Work required:
What you write must be the listing below in full, word for word, minus its pictures.

Dataset content:
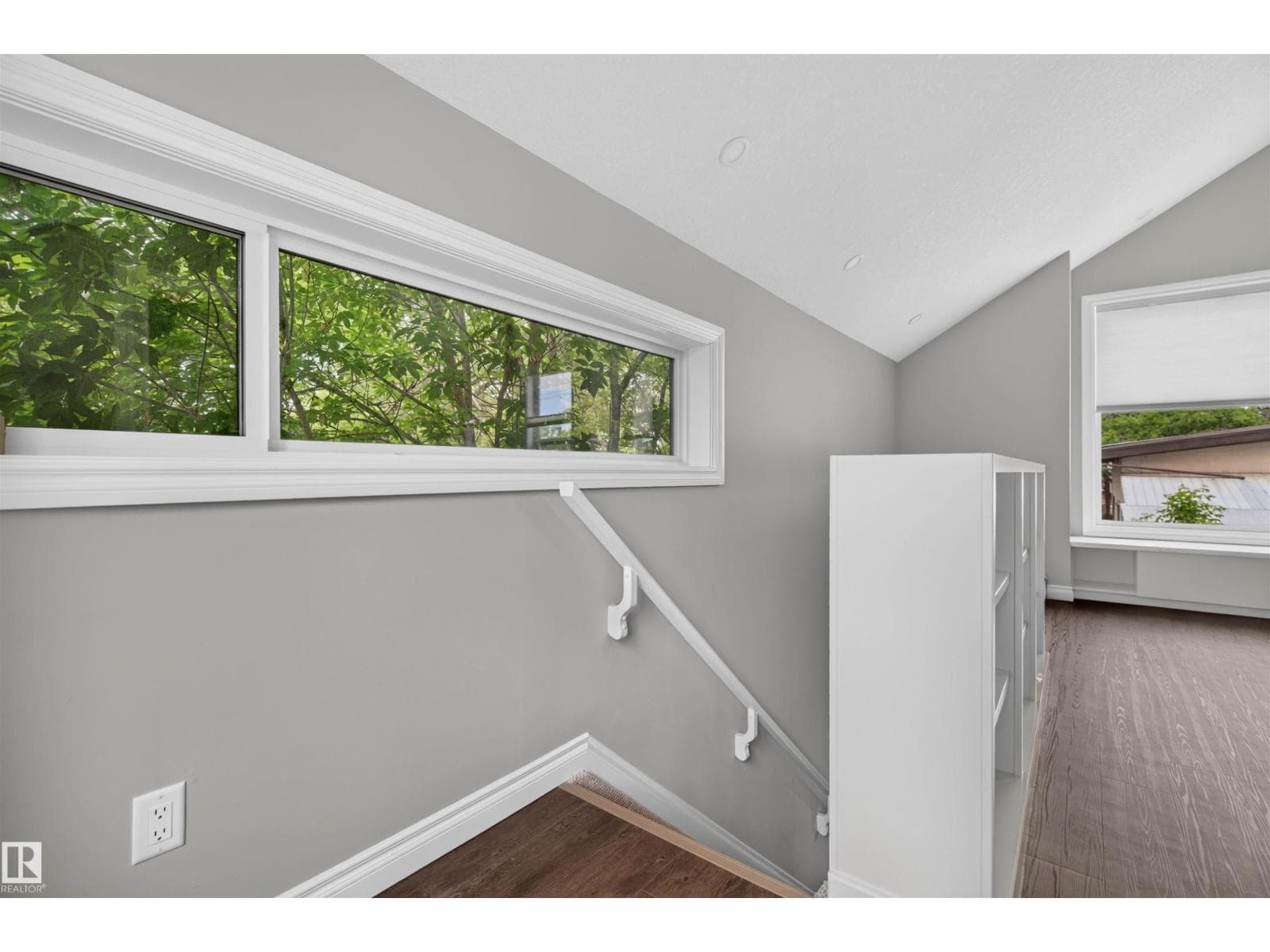 11212 75 AV NW — photo 3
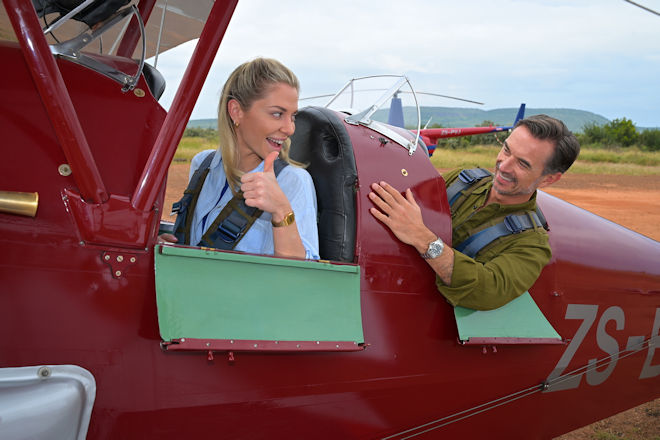 "Das Traumschiff" an Neujahr 2026 im ZDF: Kapit&auml;n Max Parger (Florian Silbereisen) begibt sich mit der &Auml;rztin Sophia Berg (Valentina Pahde) auf ungewohntes Terrain.
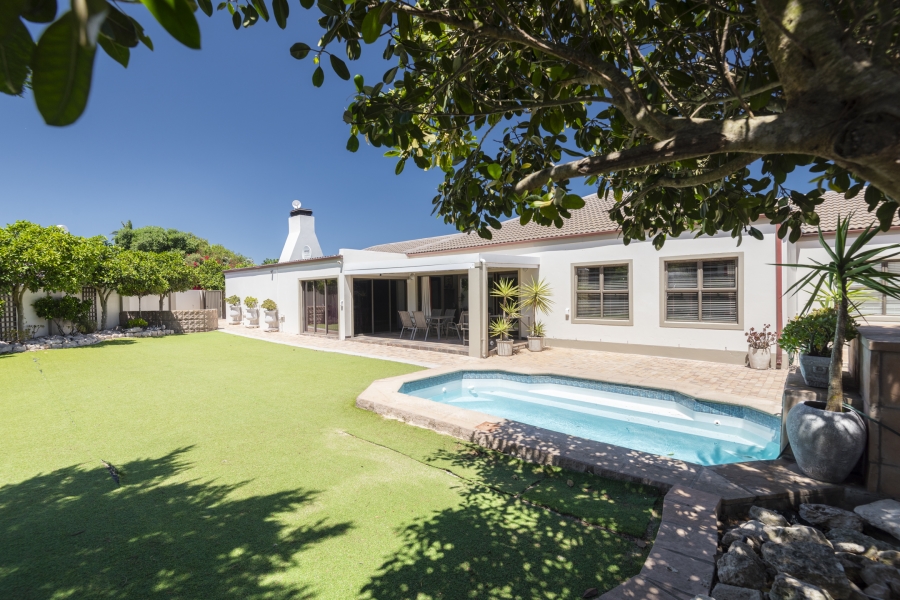 4 Bedroom Property for Sale in Country Club Western Cape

Result below:
 11212 75 AV NW — photo 3
 "Das Traumschiff" an Neujahr 2026 im ZDF: Kapit&auml;n Max Parger (Florian Silbereisen) begibt sich mit der &Auml;rztin Sophia Berg (Valentina Pahde) auf ungewohntes Terrain.
 4 Bedroom Property for Sale in Country Club Western Cape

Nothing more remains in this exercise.